This is true even if you don't wrap the inserts in an explicit begin / commit. Transaction commit, even if done implicitly, still doesn't necessarily run in the same order that the row its self was inserted. It's subject to operating system CPU scheduler ordering decisions, etc.
Even if PostgreSQL supported dirty reads this would still be true. Just because you start three inserts in a given order doesn't mean they'll finish in that order.

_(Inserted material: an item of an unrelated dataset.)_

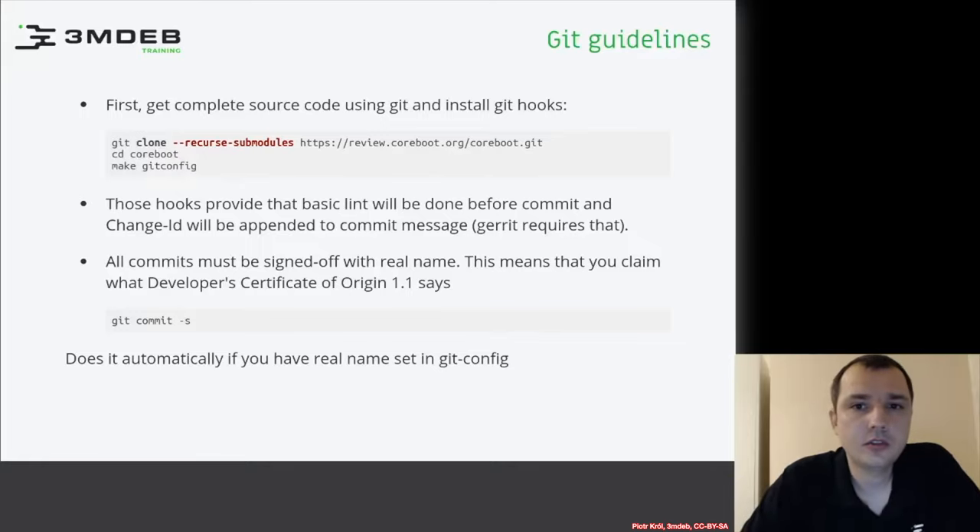Let's start with a little bit of Git guidelines. We'll begin with cloning a repository and configuring Git. This will provide some basic capabilities for further committing and pushing patches to the repository. We will not develop code in this training, but this is very useful if you will try to fix something or improve something.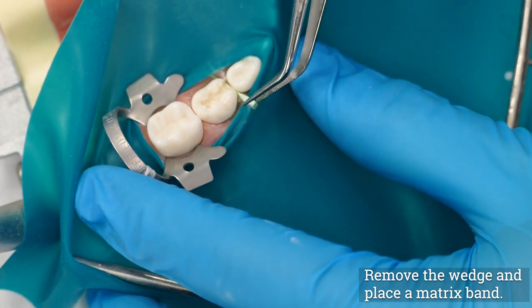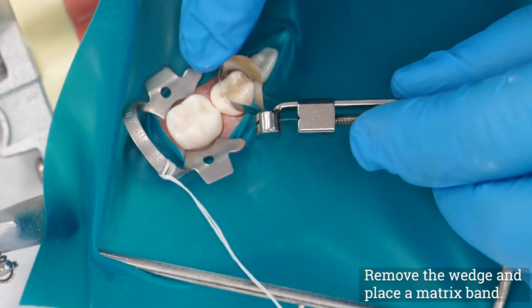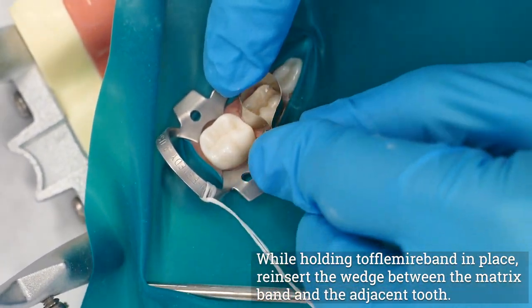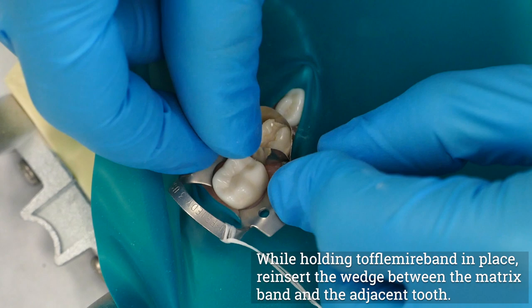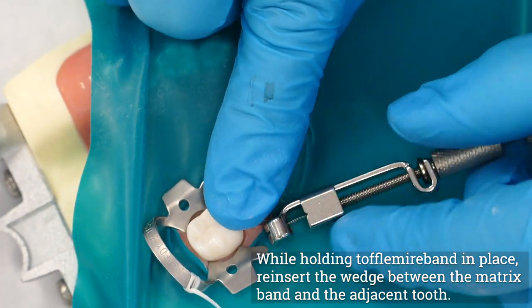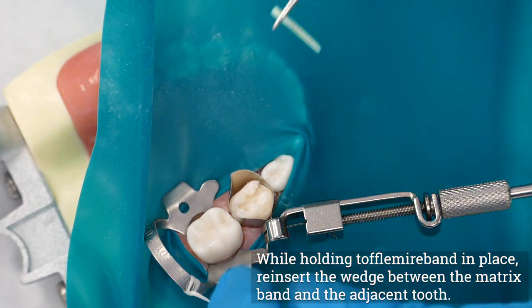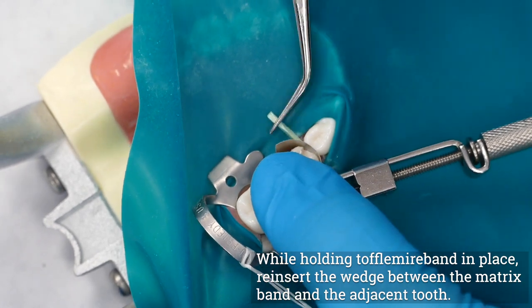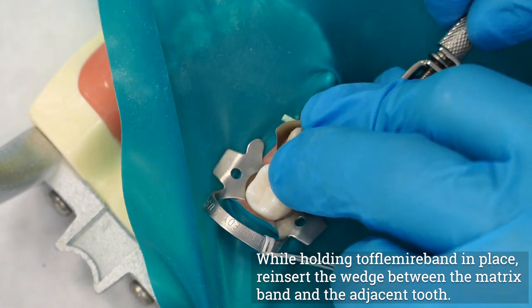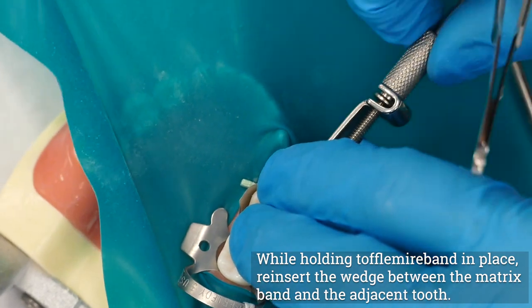Remove the wedge placed at the beginning of the treatment and place a Toffelmeyer band. Matrix bands or T-bands are alternative options to using a Toffelmeyer. While holding the band in place, forcefully reinsert the wedge between the Toffelmeyer band and the adjacent tooth beneath the gingival seat of the preparation. The wedge is placed with a pair of Howe pliers or cotton forceps from the widest embrasure. The wedge should hold the band tightly against the tooth but should not push the band into the proximal box. It may be necessary to trim the wedge slightly to achieve a proper fit.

There is no easy or reliable way to do what you seem to want that will preserve concurrency. You'll need to do your inserts in order on a single worker - or use table locking as Tometzky suggests, which has basically the same effect since only one of your insert threads can be doing anything at any given time.
You can use advisory locking, but the effect is the same.
Using a timestamp won't help, since you don't know if for any two timestamps there's a row with a timestamp between the two that hasn't yet been committed.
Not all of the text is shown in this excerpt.